Collected data

○ ○ ○

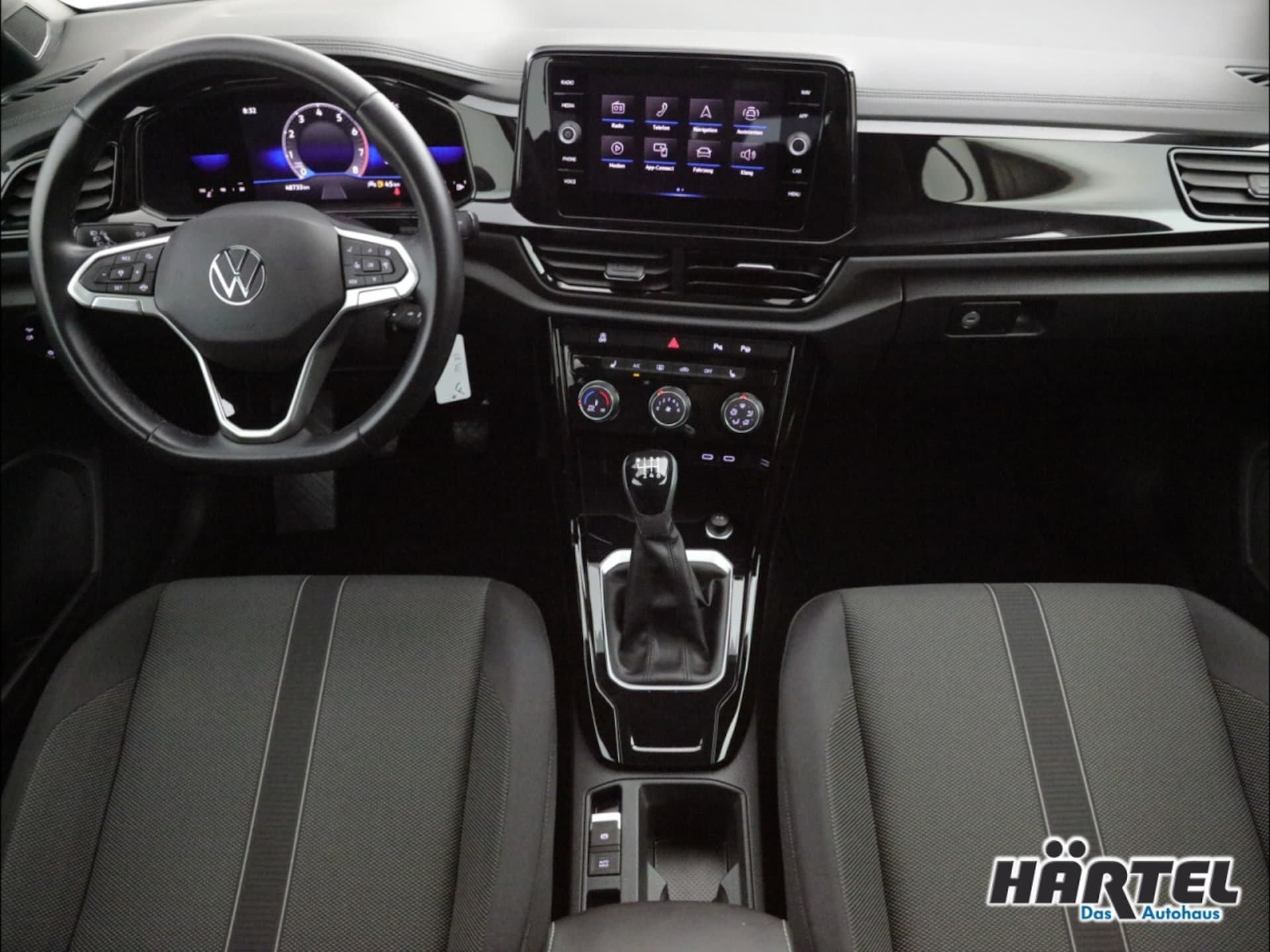 Volkswagen T-Roc Cabriolet Style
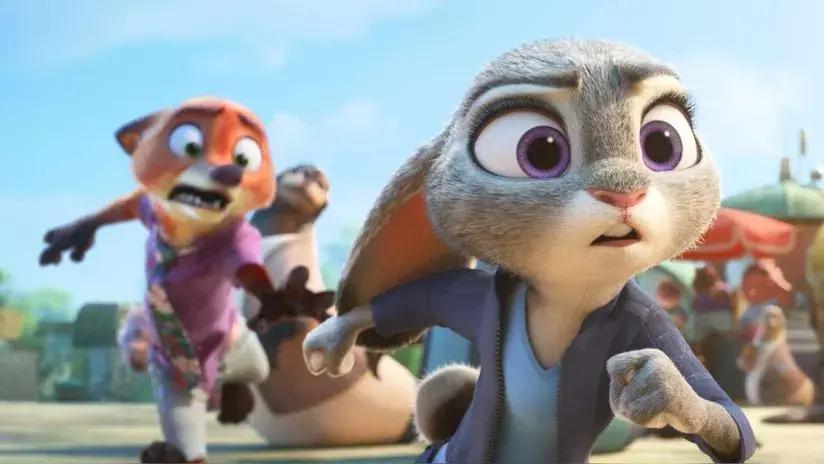‘Zootopia 2’ desplaza a ‘Los 4 Fantásticos’ y entra al Top 10 global de las películas más taquilleras de 2025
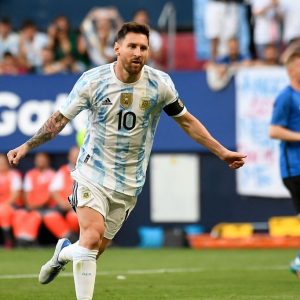 Lionel Messi invitado a Newell’s – San Lorenzo: ¿Irá a la cancha?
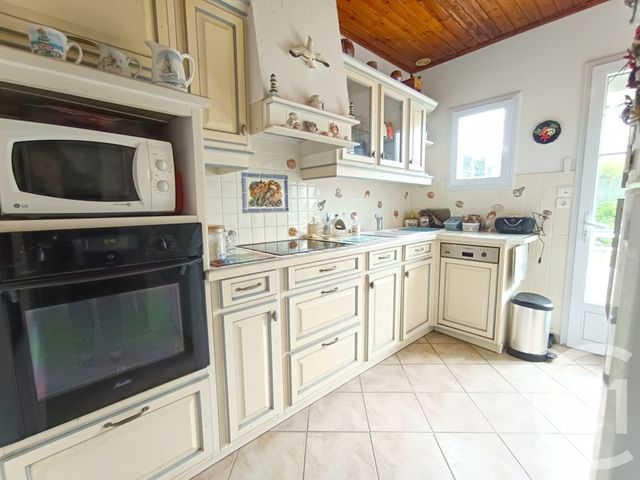 Maison à vendre - 7 pièces - 100,30 m2 - Jard Sur Mer - 85 - PAYS-DE-LOIRE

○ ○ ○

An exact reproduction of the data is needed, with no pictures included.

Finished task
 Volkswagen T-Roc Cabriolet Style
‘Zootopia 2’ desplaza a ‘Los 4 Fantásticos’ y entra al Top 10 global de las películas más taquilleras de 2025
 Lionel Messi invitado a Newell’s – San Lorenzo: ¿Irá a la cancha?
 Maison à vendre - 7 pièces - 100,30 m2 - Jard Sur Mer - 85 - PAYS-DE-LOIRE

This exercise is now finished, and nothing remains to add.